Benim şu 44 yıllık gazetecilik hayatımda da gördüğüm budur. Çok şükür bir dostum var, o da hem iyi günümde, hem kötü günümde yanımda oldu. Gerisi mi? Gerisi teferruat. Para mı? Vallahi şu dünya kurulduğundan beri kimse parayla dostluk satın alamadı. Çünkü para her şeyi alır ama samimiyeti, güveni, vefayı asla…
Bir de tam tersi vardır. Çocukluğumdan beri tanıdığım biri vardı. Birlikte çok şey yaşadık. Ama yıllar sonra bir gün, küçük bir menfaat için beni sırtımdan vurdu. Öyle bir acıydı ki, tarif edemem. Ama dedim ya, kaybeden ben olmadım. Çünkü maddiyata dayalı dostluklar biter, ama yürekten dostluklar kalıcıdır.
DOSTLUKLARIN DEĞERİ NEREDE?
Bir gün, eski zamanlarda bir dervişle bir tüccar sohbet ediyormuş. Tüccar, dostlarından şikayet etmiş:
— Herkes maddiyata bakıyor, dostluklar çıkar üzerine kurulu!
Derviş gülümsemiş:
— Evlat, dost dediğin dua gibidir. Sıkışınca hatırlanır ama gerçekte hep yanında olmalıdır.
Bugün insanlar bu hikmetleri unuttu. Herkes birbirinin cebine bakıyor. Arkadaş dediğin, güzel vakit geçirmek için gelir. Ama dost dediğin, sana hayat verir. Ölümünden sonra bile ardından dua ediyorsa, işte o zaman bir şeyler başarmışsın demektir.
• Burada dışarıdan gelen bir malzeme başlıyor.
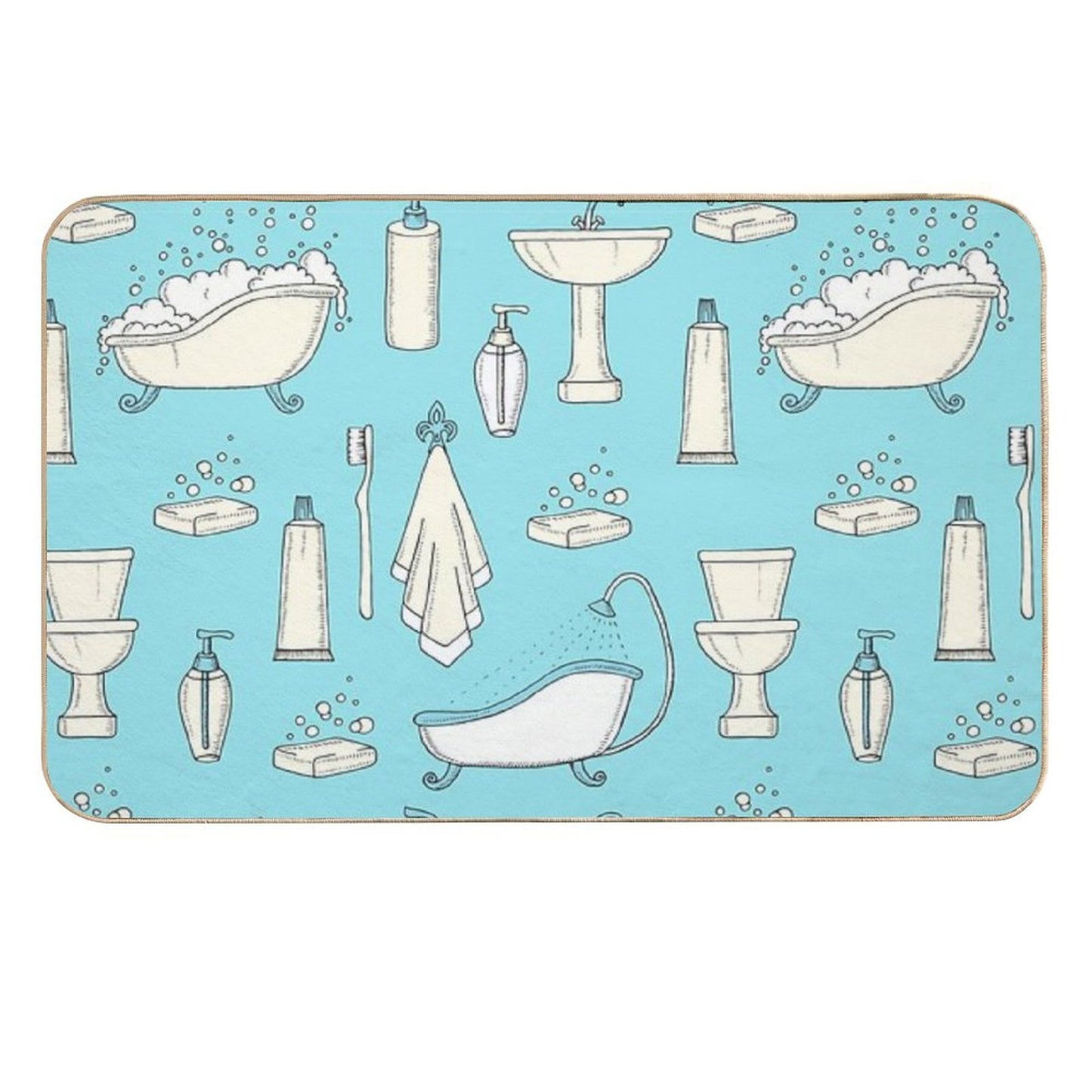 Retro Bathroom  Easy Maintenance Bath Mat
44 yıllık gazetecilik hayatımda bir şeyi hep gördüm: Gerçek dost, yüreğinle kazandığın insandır. Arkadaş çok olur; ama dost azdır, özdür. Bugün herkes para için koşuyor. Ama unutmayın, para gelir geçer. Bir dostun yoksa, dünya kadar paran olsa neye yarar?
İster Anadolu şivesiyle oku ister İstanbul Türkçesiyle; dostluk dediğin zenginlik değil, yürek işidir. Para dediğin gelir geçer, ama dost dediğin ömür boyu kalır. “Benim dostum var mı?” diye bir sor kendine. Eğer varsa, onun kıymetini bil. Yoksa da arama, çünkü dost bulunmaz; yüreğine layık olan gelir seni bulur.
Çünkü dostluk, alınmaz satılmaz; yürekten gelir. Ömrünüz dostlukla dolsun; gerisi teferruattır.
Dipnot: İnsanlık, maddiyattan üstün bir değer. Ya bu değeri yaşatacağız, ya da yalnızlığın ortasında kaybolup gideceğiz. Seçim senin. REMZİ HAYTA- MALATYA’DAN
Dost demek çok önemli bazen kardeşten anne babadan bile daha önemli iyi bir dost ben de çok şanslıyım ki hayatımda çok iyi dostlarım var para pul mevki hiç önemli değil önemli olan bunlar olmadan dost kalabilmek 🤲
Değerli Hayta yazınız sabah dersi gibi oldu. Rabbim dost kalmayı ve dosta sahip olmayı ihsan eylesin.